The forge was quiet, so late at night, the coals reduced to a banked glow so they could be quickly revived in the morning. Hans glanced around, eyeing the place they had used to tend their injuries but ultimately settling for the ground just beyond the smithy. He folded his blanket and spread it carefully, dropping the pillow at one end and then helped Henry organize their meager bedding to accommodate him. Hans lay down first, doing his best to get comfortable as Henry settled down beside him, slowly rolling over until his human form draped on top of Hans, using his lord's body as support to keep his spine from growing stiff and kinked as he slept. Hans wedged his legs between Henry's forelegs, and they both sighed. 

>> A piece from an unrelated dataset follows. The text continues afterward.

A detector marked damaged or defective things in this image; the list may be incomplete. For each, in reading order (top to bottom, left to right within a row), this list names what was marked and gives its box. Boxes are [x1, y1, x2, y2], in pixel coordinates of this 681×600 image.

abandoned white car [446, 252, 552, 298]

The ground was hard and cool, even through the blankets, but with Henry as a living blanket, Hans found his body temperature slowly stabilizing. The air was chill, but curled together like this, Hans was warm. It was the same sort of comfort he got when he laid in a beam of summer sunlight coming in through a window: just on the borderline of being too hot, but still comfortably toasted. Hans’ hand came up to stroke gently down Henry's back, Henry looped his arms around Hans’ sides, and together they drifted off. 

Hans awoke when a voice above him said, “I'm fairly sure there were orders for you two to receive a room somewhere.” 

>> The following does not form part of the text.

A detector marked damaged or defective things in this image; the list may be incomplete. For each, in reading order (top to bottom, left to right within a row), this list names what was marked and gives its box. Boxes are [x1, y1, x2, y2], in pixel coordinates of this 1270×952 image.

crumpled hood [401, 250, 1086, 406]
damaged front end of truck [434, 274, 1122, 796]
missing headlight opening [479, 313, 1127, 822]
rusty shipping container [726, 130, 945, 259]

He blinked up at Jan Zizka in the predawn light. He must have been on his way to take a shift on watch when he'd passed the pair of them, asleep out here on the ground. 

“There were,” Hans muttered, trying not to speak loudly or move too much lest he wake Henry, “but the room that was found for us simply didn't admit for a centaur.” 

Zizka raised an eyebrow as he looked over them exaggeratedly. Hans wondered what they looked like to him, tangled together like children. Or perhaps , he thought much more secretively, like lovers . “To be frank,” Zizka said, returning his gaze to Hans thoughtfully, “I'm not sure there's any room here that would admit a centaur.” 

Hans shrugged minimally. “We'll make due outside. It's not exactly new.” 

“I see. Well, I'll have someone scrounge up a few more blankets, then.” 

Henry groaned, tensing in his sleep and tightening his grip on Hans, whose hand immediately went to the back of his neck, gently rubbing the skin that peeked between his hair and the collar of his tunic.

“The two of you are quite close,” Zizka continued, his voice a little more quiet now. 

“Yes,” Hans said. He didn't feel like explaining his relationship with Henry to the man who had so recently been about to kill them. 

“I see. Well, I'll have someone figure out a better spot for the two of you, anyway.” 

“Thank you.”

Zizka wandered off, and Hans shivered suddenly. Now that he’d been disturbed from his sleep, he felt chilled. He nudged Henry gently, who snorted and sighed noisily. “Henry,” he said, nudging his shoulder again. Henry didn't move. Hans took a deep, shaking breath and murmured gently, “Hal?” 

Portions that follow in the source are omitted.